Xlib and Motif are not equivalent to GTK1 and GTK2 since they do receive updates and bugfixes, even if they rarely receive new features (though both do receive new features too).
What you're describing is not backward compatibility, it's forward compatibility.
The OS is backward compatible with old applications that continue to run. The old applications are forward compatible with newer versions of the operating system including some of the new features that are added.
Achieving backward and forward compatibility (the combination is often called "full compatibility") is actually quite difficult. The resources Microsoft throws at this problem and the related coordination costs are massive (and conversely, the progress any individual developer sees on their particular tasks is often glacial)[0]. In the open source world, I think only web browsers typically see anything resembling a similar level of effort applied to evolving the platform while maintaining compatibility with extant (and often buggy) code, and that's still a much smaller problem (though it might not be after another decade or two), since for all intents and purposes, the web as a whole is a "rolling release" system with bugs and incompatibilities popping up and being fixed constantly.
[0] http://moishelettvin.blogspot.com/2006/11/windows-shutdown-c...
I get what you're saying, but asking "why doesn't my old API get new features" is a different thing than asking for backwards compatibility because that entails actually modifying the old applications to support new API features, not just maintaining compatibility with them. If someone really wants to step up and backport features to GTK2, that's always possible, you don't need to wait for the GTK4 developers to figure it out.
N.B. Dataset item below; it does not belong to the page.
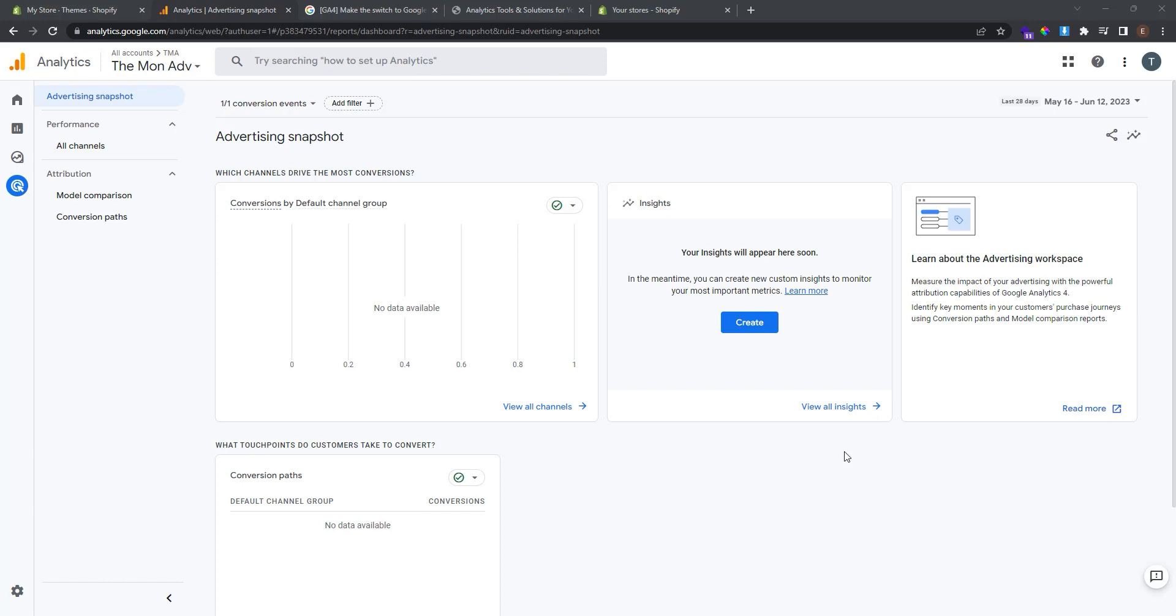With Google Analytics you can track crucial metrics like the number of visitors, the demographics and even their journey through your website. It's like having a secret window into your customer's mind allowing you to make data-driven decisions that boost conversions and drive revenue. Not only that, but Google Analytics helps you identify the most effective marketing channels so you can allocate your resources wisely.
If GTK3's API was backwards compatible (both in binary and source form) with GTK2's API then the developers of all the applications that relied on GTK2 wouldn't have to spend any time changing their applications to work with GTK3 nor make any "weighting" between doing these changes or staying on a library that wont receive any further updates and features after a while. And in practice this isn't really much of a choice unless the GTK developers also committed to updating, fixing and improving (ie. adding new features) to the previous library - at which point why bother with the new version at all?
This is a waste of time because the developers of those applications could have spend their (often limited, since they're not paid to make those applications and instead make them in their free time) development time on fixing bugs and adding features to these applications that directly benefit the end users instead of trying to catch up with whatever stuff GTK3 broke (and now will be broken again in GTK4).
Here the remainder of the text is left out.